### Problem to work on
Please say how many lines in the records below contain the word "Super", giving only the number.

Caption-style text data
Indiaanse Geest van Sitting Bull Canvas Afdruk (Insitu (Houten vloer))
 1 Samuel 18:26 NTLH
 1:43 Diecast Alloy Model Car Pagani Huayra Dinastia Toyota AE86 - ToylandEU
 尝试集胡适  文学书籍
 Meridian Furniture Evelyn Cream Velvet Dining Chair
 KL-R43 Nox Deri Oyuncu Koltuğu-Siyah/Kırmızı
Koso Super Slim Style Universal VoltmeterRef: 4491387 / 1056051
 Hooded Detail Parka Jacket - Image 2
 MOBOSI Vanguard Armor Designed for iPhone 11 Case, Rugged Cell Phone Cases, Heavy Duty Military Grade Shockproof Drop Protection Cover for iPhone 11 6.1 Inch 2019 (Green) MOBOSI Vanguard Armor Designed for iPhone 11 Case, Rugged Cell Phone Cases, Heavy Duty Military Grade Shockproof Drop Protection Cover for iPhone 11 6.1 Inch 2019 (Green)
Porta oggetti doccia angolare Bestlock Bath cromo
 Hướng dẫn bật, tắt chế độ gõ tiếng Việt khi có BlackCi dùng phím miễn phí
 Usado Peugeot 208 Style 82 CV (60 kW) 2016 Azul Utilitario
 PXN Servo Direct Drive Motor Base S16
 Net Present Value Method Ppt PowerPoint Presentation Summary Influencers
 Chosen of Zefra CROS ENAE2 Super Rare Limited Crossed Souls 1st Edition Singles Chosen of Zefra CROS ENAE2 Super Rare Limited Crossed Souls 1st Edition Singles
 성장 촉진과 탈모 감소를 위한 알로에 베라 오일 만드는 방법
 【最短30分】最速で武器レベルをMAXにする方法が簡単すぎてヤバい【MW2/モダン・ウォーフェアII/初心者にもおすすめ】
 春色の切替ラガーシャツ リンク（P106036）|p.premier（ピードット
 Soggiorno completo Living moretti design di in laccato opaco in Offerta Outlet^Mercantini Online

### Expected answer
2